Jazda na kacu tak samo niebezpieczna jak tuż po wypiciu
Duża część kierowców na „podwójnym gazie” łapanych w Polsce przez policję to kierowcy prowadzący na kacu. Wielu z nich tłumaczy się przed policją i przed sobą, że nie są tak groźni, jak ci, którzy piją i od razu wsiadają za kółko. Badania nie pozostawiają wątpliwości: nie mają racji.
Sprawą zajęli się naukowcy z University of the West of England. Od dawna pokutuje bowiem przekonanie, że groźne jest wyłącznie picie i wsiadanie za kierownicę, a nie prowadzenie po zarwanej nocy. Badacze chcieli zweryfikować tę opinię. Zorganizowali więc serię testów drogowych. Trwały one nie więcej niż 20 minut (dla każdego kierowcy). Kierowcy na kacu przechodzili próby sprawnościowe, były mierzone czasy i wyłapywane błędy.
Wyniki nie pozostawiają wątpliwości. Kierowcy na kacu reagują wolniej i popełniają dramatycznie więcej błędów. Ból głowy, zmęczenie, sama zawartość alkoholu we krwi, to wszystko przyczynia się do tego, że w testach wypadają tak samo źle, jak pijący.

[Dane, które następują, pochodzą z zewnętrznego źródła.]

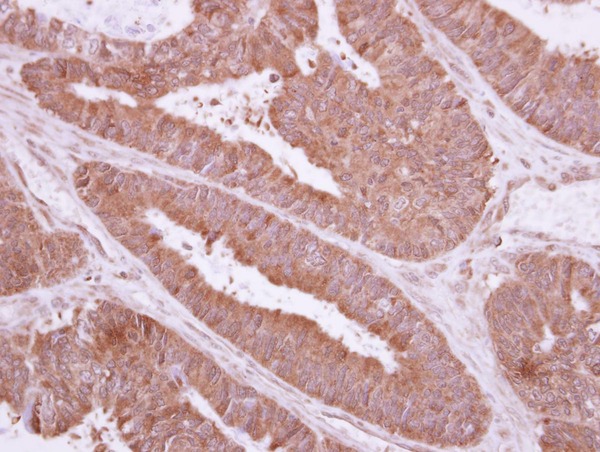 IHC of paraffin-embedded Colon ca, using TXNDC6 antibody at 1:500 dilution.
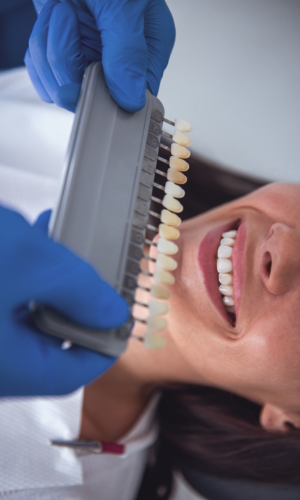Veneer colors are compared with a patient's natural teeth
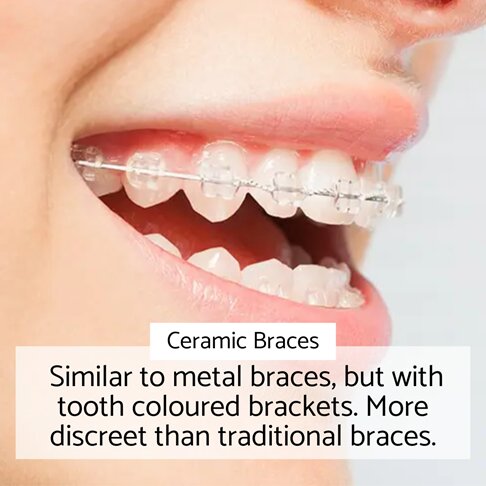 Ceramic braces system showing tooth coloured brackets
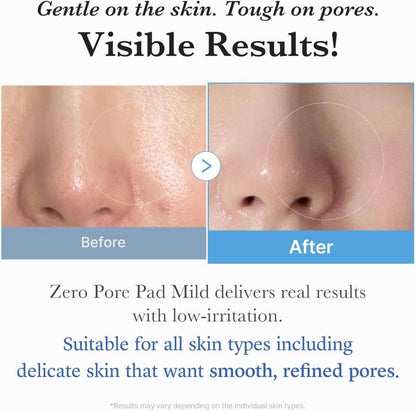 Medicube Zero Pore Pad 155g / 70 pads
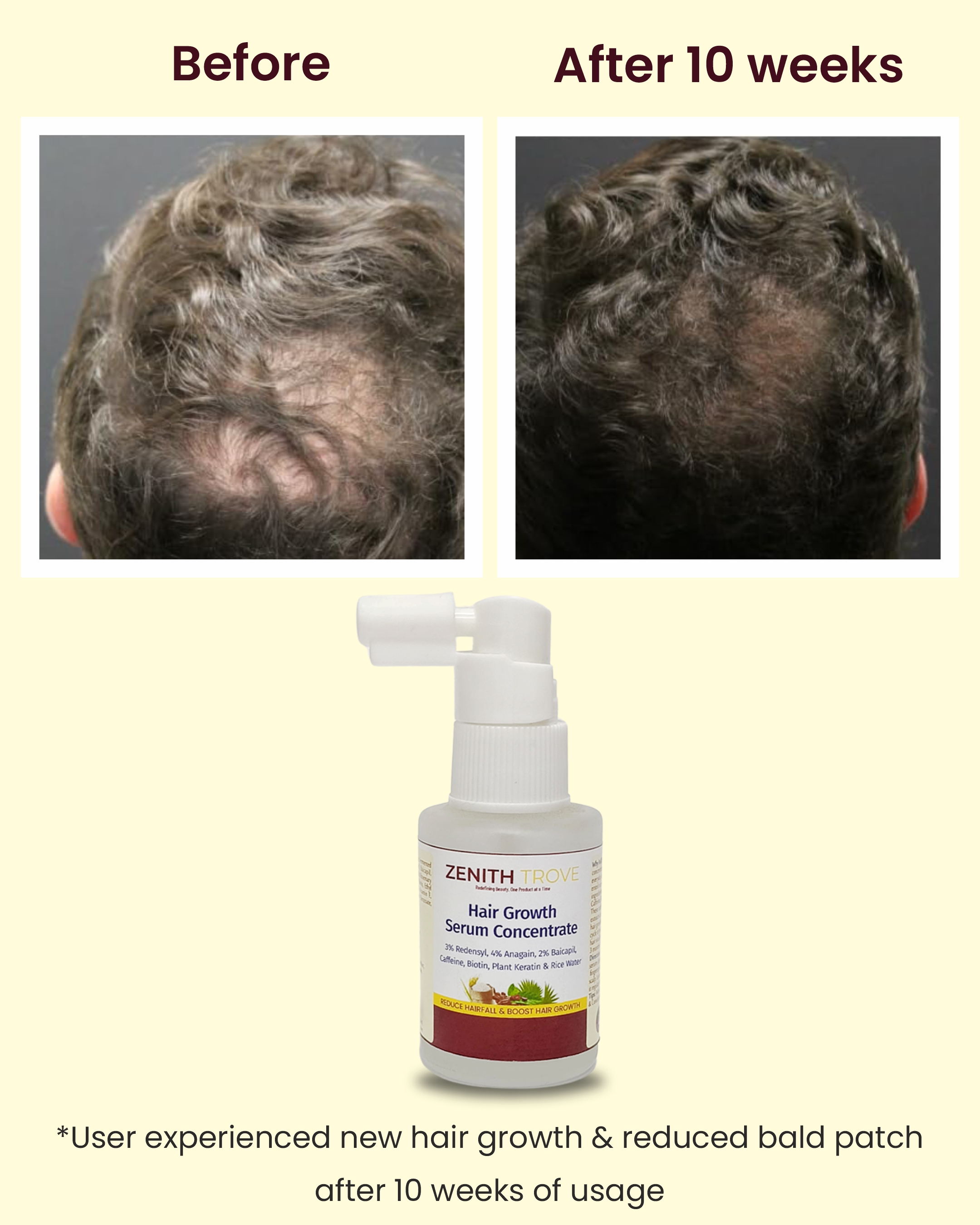 Zenith Trove Advanced Hair Growth Serum – 3% Redensyl, 4% Anagain, 2% Baicapil with Caffeine, Biotin & Rice Water | Hair Fall Control & Regrowth Booster | 30ml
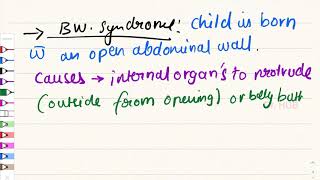 BECKWITH WIEDEMANN SYNDROME dailydosemedico [upl. by Dyoll243]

- Najbardziej zauważalną różnicą jest szybkość reakcji. Ci na ostrym kacu mają refleks tak słaby, jak ci po wypiciu paru drinków - powiedział Chris Alford z University of the West of England. Symulacje badaczy były prowadzone na drogach miejskich i na autostradach. Wcześniejsze badania naukowców z Dutch Utrecht University dały podobne wnioski.
Co jednak najciekawsze, brytyjscy naukowcy zauważyli dodatkowo, że kierowcy na kacu, którym zawartość alkoholu we krwi spadła już do zera, wciąż byli niebezpieczni. Liczba popełnianych przez nich błędów – choć z technicznego punktu widzenia byli kompletnie trzeźwi – była taka sama, jak tych kierowców, którzy mieli we krwi więcej alkoholu, niż pozwala na to prawo. A przypomnijmy, że dozwolona dawka w Wielkiej Brytanii i Irlandii to najwyższe w Europie 0,8 promila!
Wniosek jest prosty, jeśli pijesz nie jedź. Nie tylko - to oczywiste - po wypiciu, ale co najmniej przez dwa kolejne dni. Aż minie kac.